De volgende vraag hebben we opgelost, maar we weten niet of dit wel zeker klopt. We hebben dit gedaan mbv het programma OR-stat. En kregen voor de minimale vervoerskosten 2.115.000 euro.

Dit was de vraag:
De groothandel in bankstellen heeft in het magazijn in Breda weer 40 bankstellen in voorraad en in het magazijn in Eindhoven is de voorraad 45. Er komt een bestelling uit Tilburg van 34 bankstellen, een bestelling uit Den Bosch van 29 bankstellen en een bestelling van 22 bankstellen uit Vught. De vervoerskosten in euro per bankstel staan in de matrix T.
              VAN
B E
naar T 25 15
DB 35 30
V 30 20
Gevraagd: Bereken de minimale vervoerskosten.

Alvast bedankt!
groetjes Ingrid

Ingrid
Student hbo - maandag 10 juni 2002

Antwoord

Merk bij dit soort vragen eerst even op of de vraag en het aanbod elkaar 'dekken'. De magazijnen bevatten in totaal 85 bankstellen en er worden er ook precies 85 gevraagd.
Dit klopt dus mooi met elkaar.

Maak bij het volgende verhaal zelf een transportschema, zodat je ziet wat naar wat gaat.

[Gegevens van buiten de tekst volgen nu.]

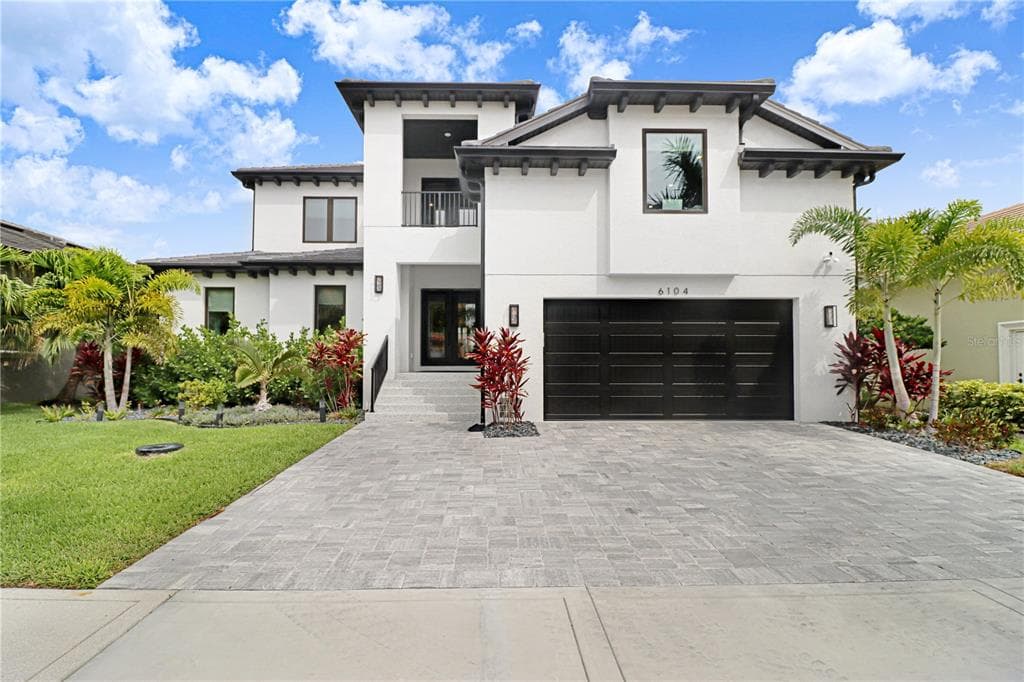 6104 LAGOMAR LANE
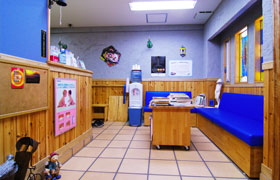 石原歯科医院 - 待合室の写真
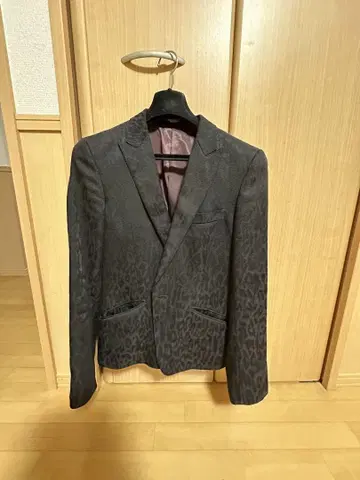 토네이도 마트 표범 무늬 자켓 블랙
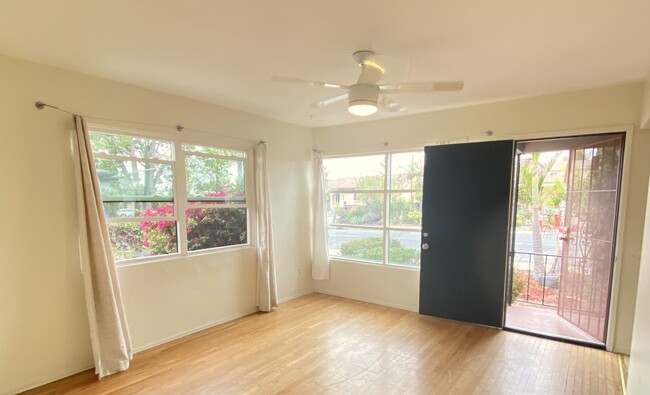 Building Photo - South Park 2/Bedroom Cottage w/Garage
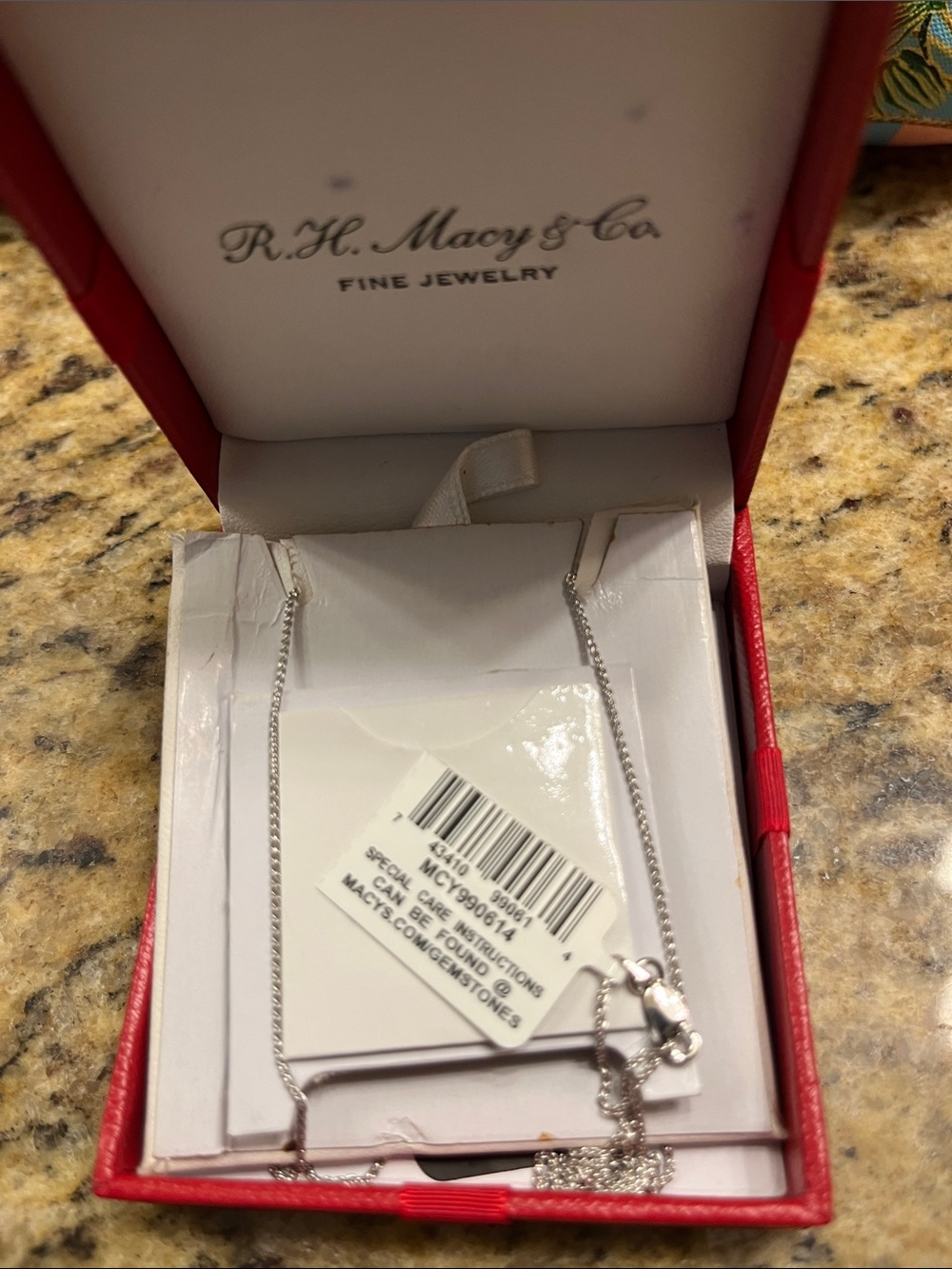 NWT Macy’s Fine Jewelry 14K White Gold 3/4 CT. Diamond Halo Pendant Necklace - Picture 3 of 4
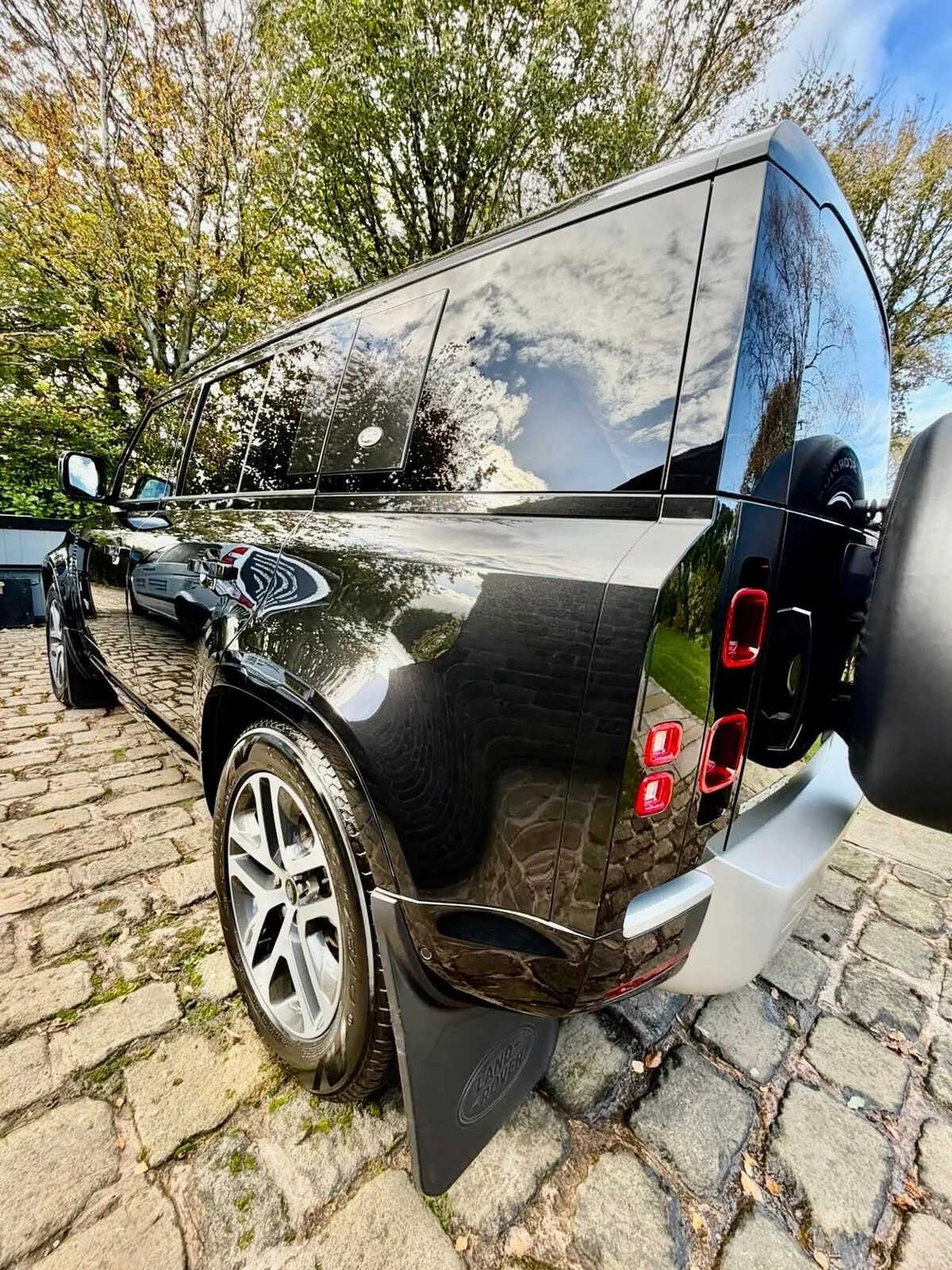 Land Rover Defender 110 2022 photo 4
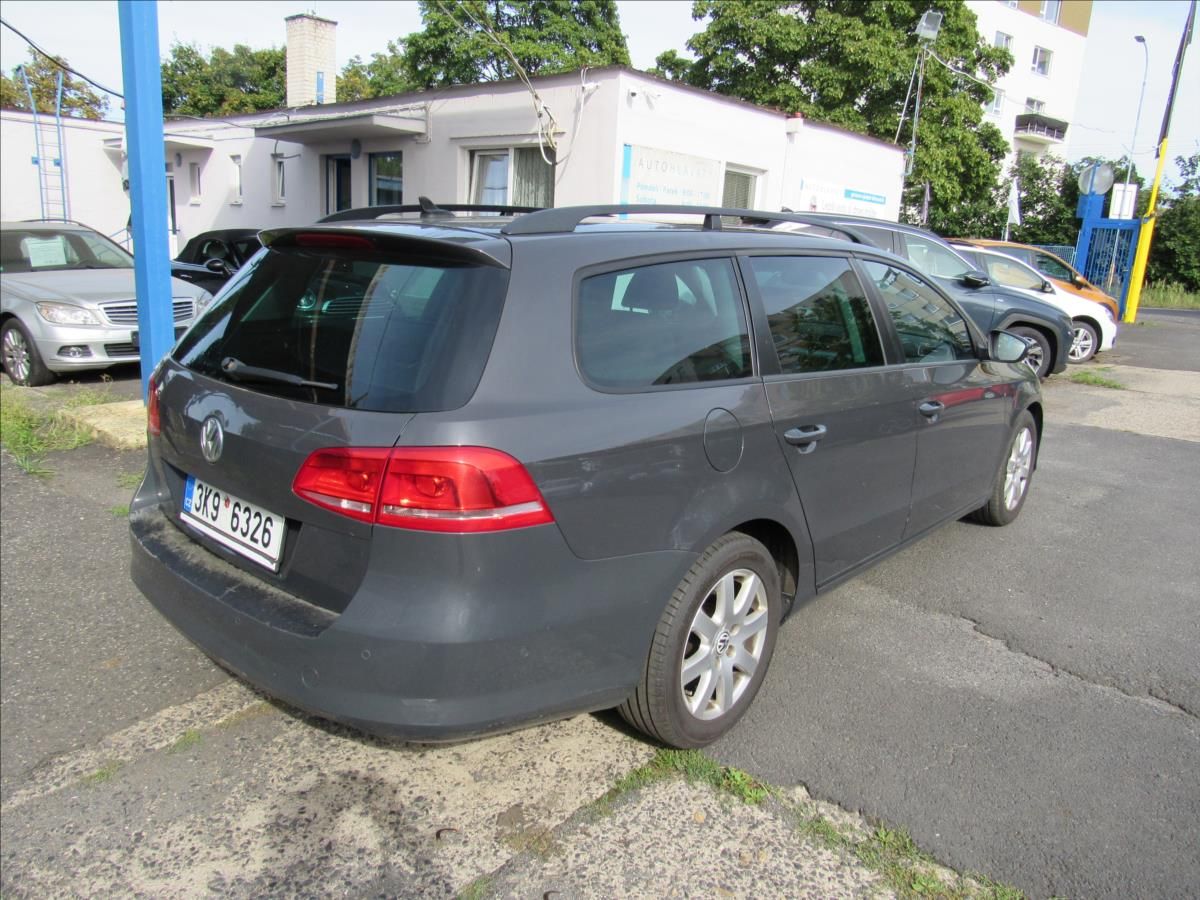 Volkswagen Passat, 1,6 TDi 77kW Variant - fotka 6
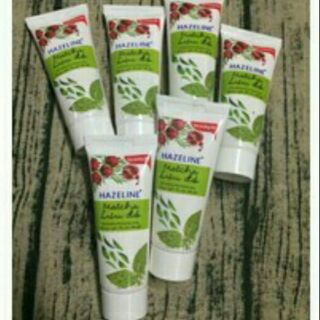 Combo 2 tuýp Sữa dưỡng thể trắng da Hazeline matcha lựu đỏ 20ml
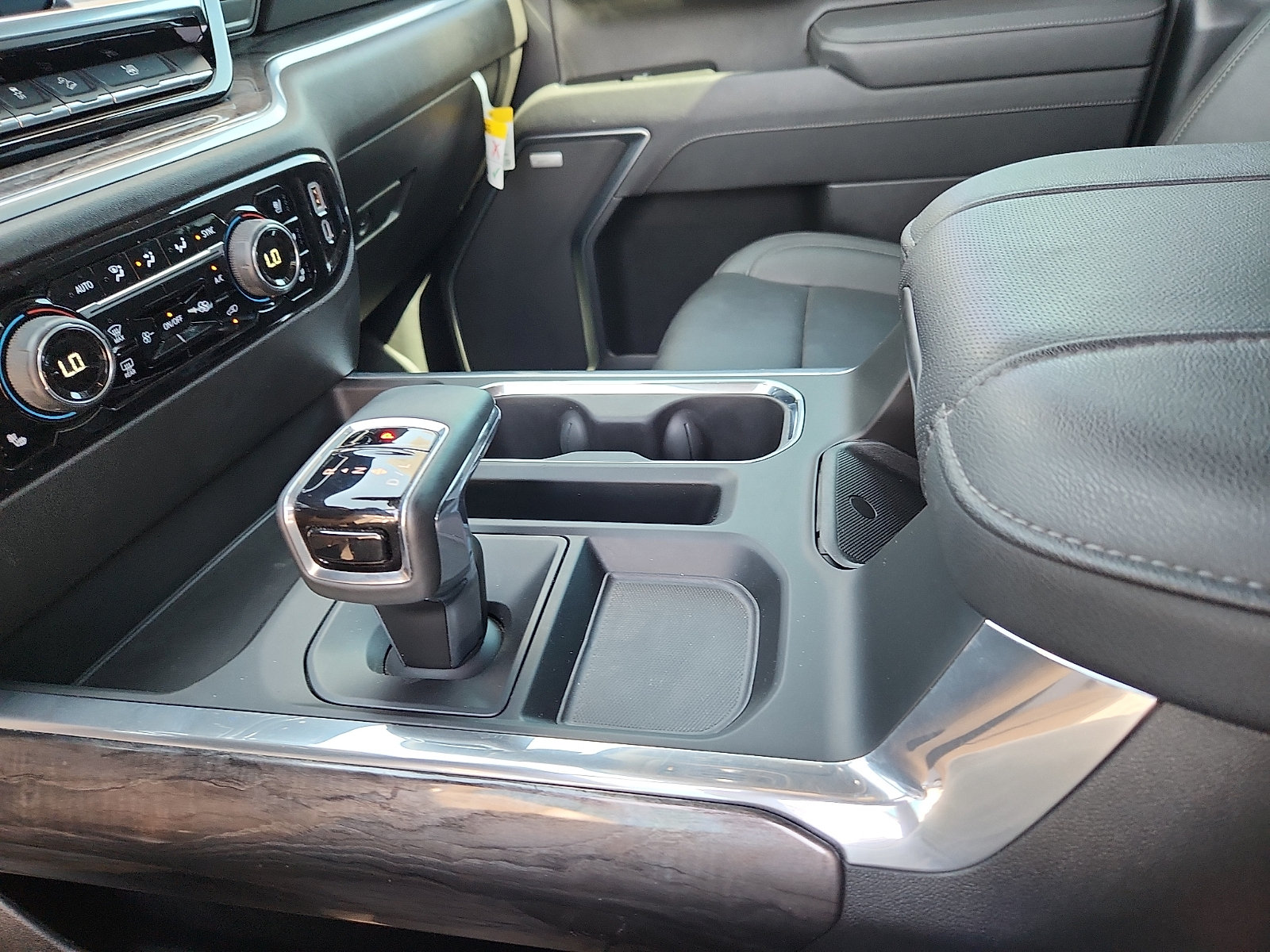 Used 2025 Chevrolet Silverado 1500 LTZ w/ LTZ Premium Texas Edition AWD/4WD image 20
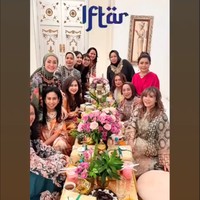 Di bulan Ramadhan ini Mayangsari tampaknya tak mau ketinggalan untuk ikut merayakan buka puasa bersama para sahabatnya. Beberapa waktu lalu ia tampak mengundang geng kepompong untuk arisan sekaligus bukber di rumahnya. Foto: Instagram/@mayangsari_official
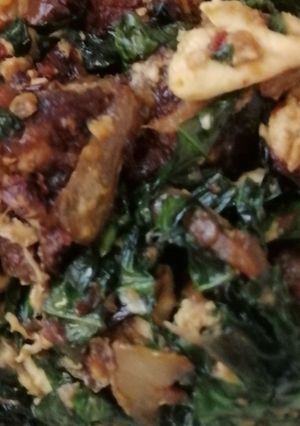 A picture of Spinach sauce.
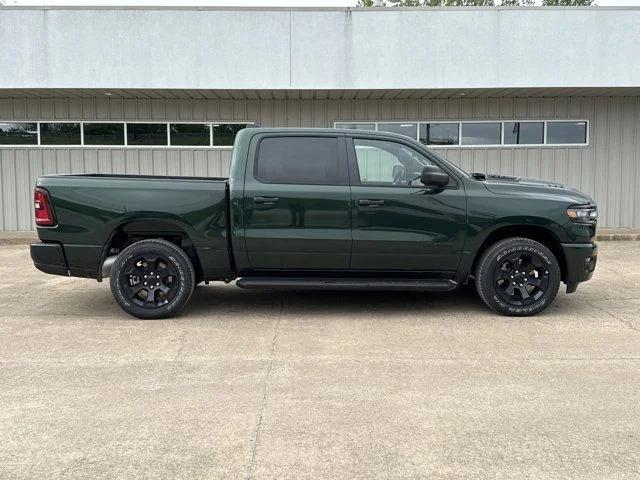 2026 RAM Ram 1500 RAM 1500 EXPRESS CREW CAB 4X4 57 BOX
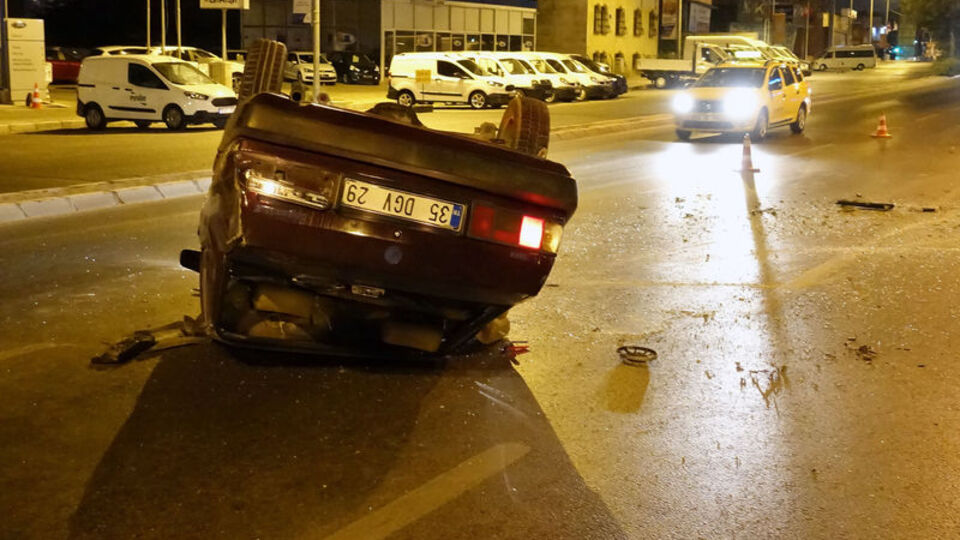 Telefon koltuğun altına düştü!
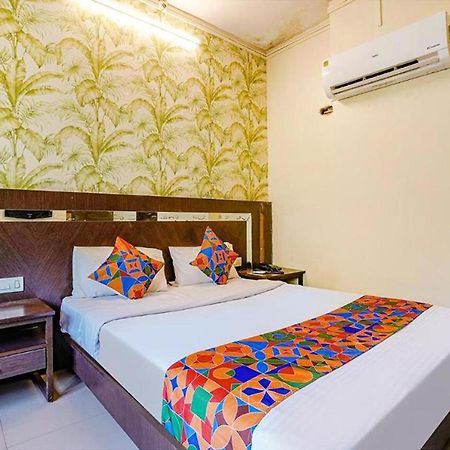 Hotel Gargi Deluxe Poona Buitenkant foto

De vergelijkingen hoeven nu uiteraard niet met die van jezelf overeen te stemmen; het hangt er maar net vanaf wat je x, y enz. noemt.

Stuur x bankstellen van Breda(B) naar Tilburg(T) en y bankstellen van B naar Vught(V).
In B staan er dan nog 40 - x - y en die moeten dus naar Den Bosch(DB).

Kijk nu naar de goederenstroom vanuit Eindhoven(E).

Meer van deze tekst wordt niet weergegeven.